Más tarde, en el ’81, Ambrosio Plácido Lezica muere a los 70 años. Con el nuevo siglo cerrándole la puerta al XIX, la quinta comienza a decaer.
A los herederos les resulta caro mantenerla y la fortuna se vio reducida, demasiados acreedores y demasiados papeles que se hacen difíciles de cobrar.
La viuda y los hijos vieron crecer la maleza y disminuir el personal a su servicio. Por fin deciden vender la propiedad. Se enteran que el municipio está interesado en construir en ese sitio el palacio municipal, o un parque público. Llevan a la Municipalidad su propuesta de venta, pero ésta les tasa la quinta en la mitad de lo que piden.
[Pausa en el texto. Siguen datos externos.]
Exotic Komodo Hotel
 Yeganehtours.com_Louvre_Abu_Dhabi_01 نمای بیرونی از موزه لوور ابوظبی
Una vieja historia argentina se repite: la Municipalidad expropia la quinta, los Lezica inician juicio; hasta los herederos de Antoine Ancely reclaman por sus derechos que no son reconocidos.
Como todos los juicios, éste tarda, pero una vez concluído, el municipio termina pagando tres veces el valor solicitado en un principio por los Lezica. Los Ancely no obtienen nada a pesar de argumentar la inexistencia de venta de Ancely a Lezica. El Palacio Municipal nunca se construirá en Caballito, y nace el Parque Rivadavia, ya que, a pesar de sus reclamos, se les niega a los Lezica mantener el nombre original.
Finalmente, en tiempo record, se realiza el Parque Rivadavia, que sería inaugurado el 17 de julio de 1928.